▶ [Source material]:
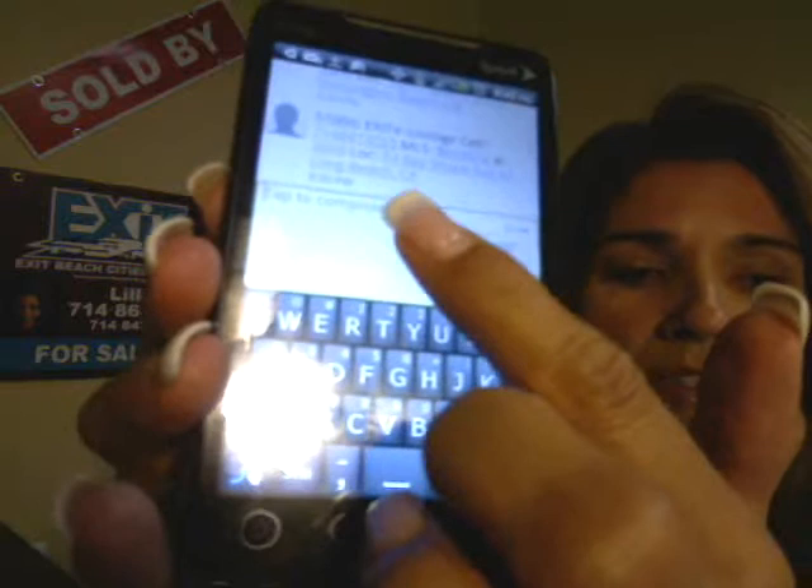Here's one property, and here's another property here in Huntington Beach — you can see it on Bolero.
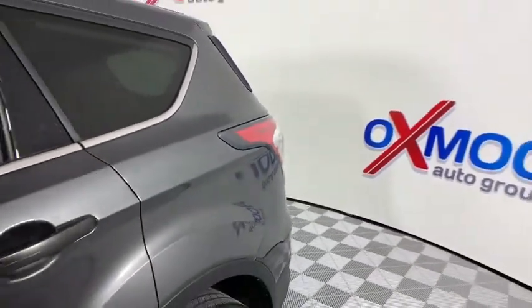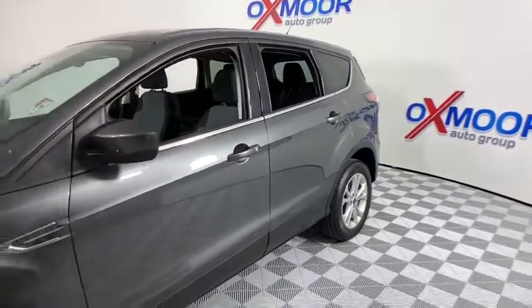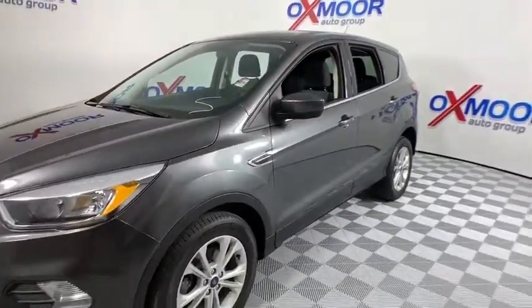Make a great choice today with the 2017 Ford Escape. Gas engines flex, tow, dip and go with Ford Escape.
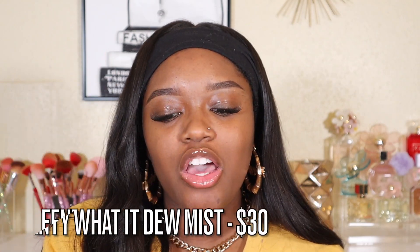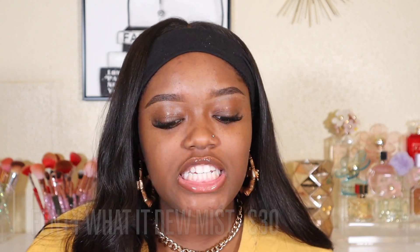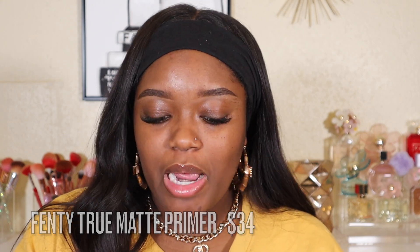We're going to start with a little bit of hydration, so I'm going in with my Fenty 'What It Do' Refreshing Mist before primer. I don't usually see people talk about this spray much — I can never really tell if it's doing anything. For primer, I'm going with my Fenty True Matte Primer, my favorite from Fenty. She has a soft silk and soft matte as well, but if you have oily skin, the True Matte just works really well.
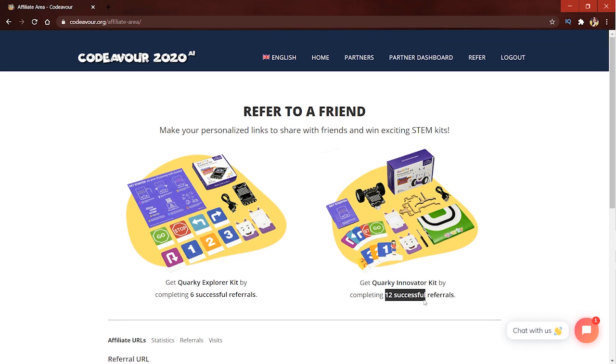And if 12 people have registered using your links, you'll get the Quirky Innovator Kit. These gifts are the assured gifts which you can surely get.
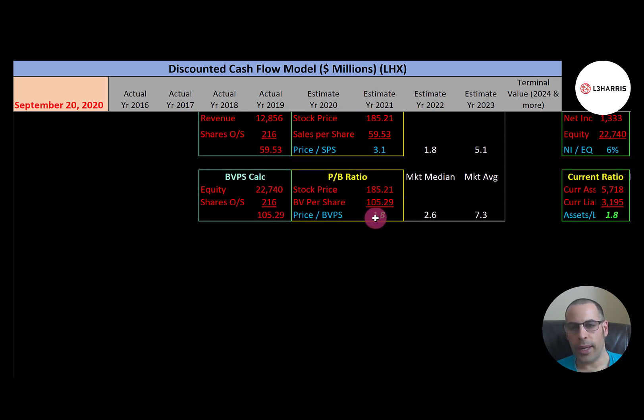Price-to-book is really good at 1.8 — the median is 2.6 and the market average is 7.3. I like to see below 3.5, so investors are paying $1.80 for one dollar of book value. Remember, equity — which is total assets minus total liabilities on the balance sheet — is used to calculate book value per share.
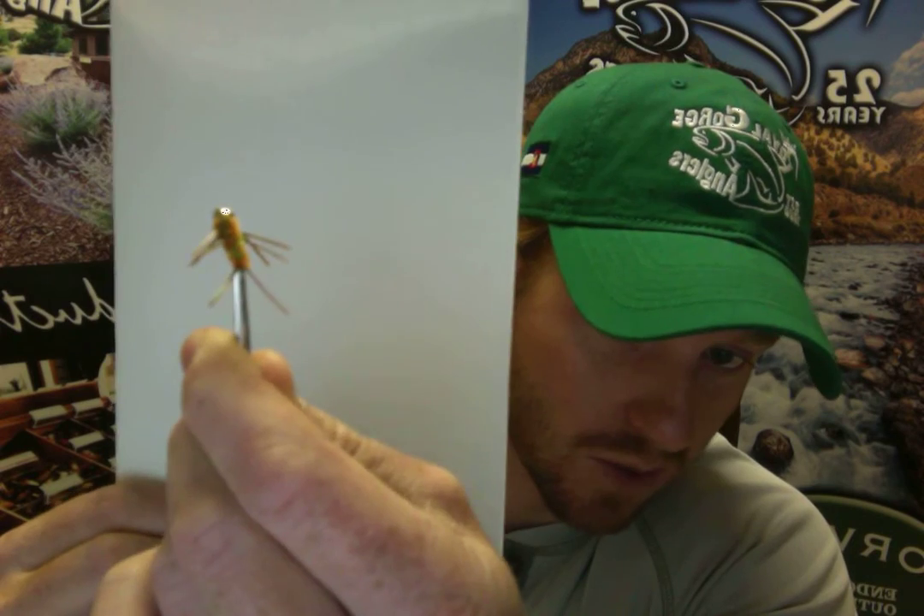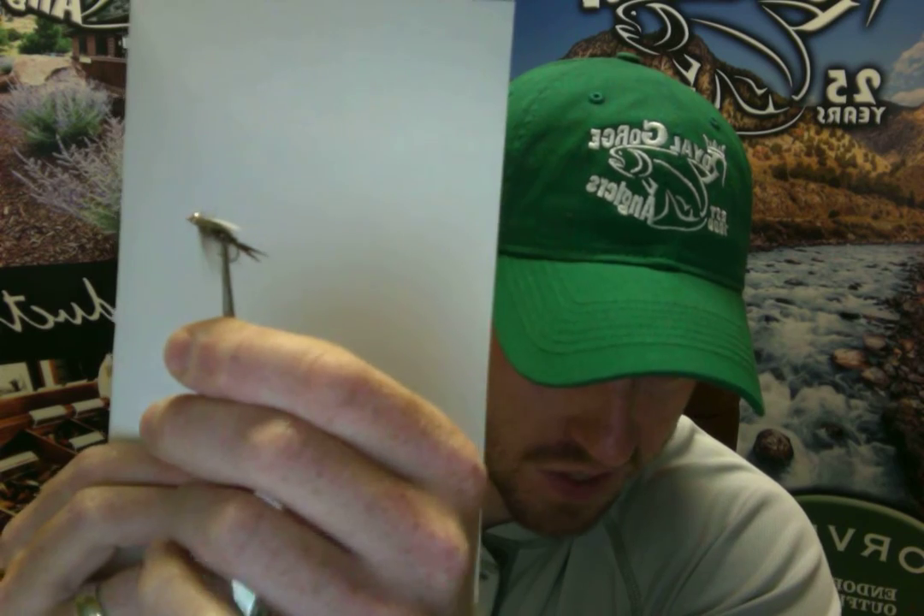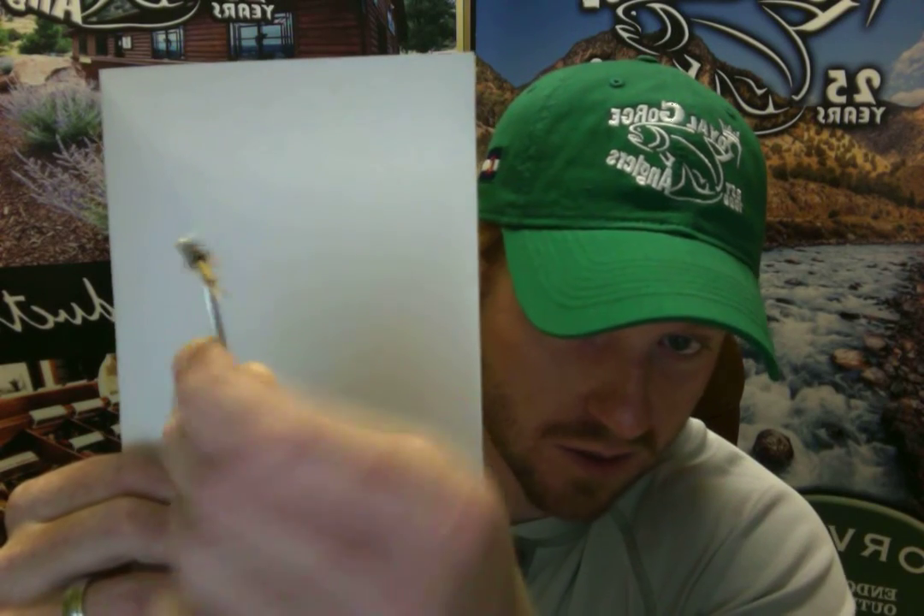In the mornings, we're still running stoneflies. We've seen great productivity on rubber leg stones. Smaller gold and smaller dark rubber leg stones have been very productive in the last three to four days. The 20-Incher that we tie here locally — that Larry Kingrey does for us — has been very productive and has been since March. The CDC Prince Nymph, the CDC version in particular, is really buggy and moves a lot — that's been a great lead stonefly nymph. And on the more realistic side, the Wired Stonefly has been a good stone to run as a lead fly in a western rig or a point fly in a Euro rig.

▶ [Exercise]: Only the lines from the start of the records to the line with "Make a great" belong in the copy. Print them exactly, minus pictures.

▶ [Written solution]:
Here's one property, and here's another property here in Huntington Beach — you can see it on Bolero.
Make a great choice today with the 2017 Ford Escape. Gas engines flex, tow, dip and go with Ford Escape.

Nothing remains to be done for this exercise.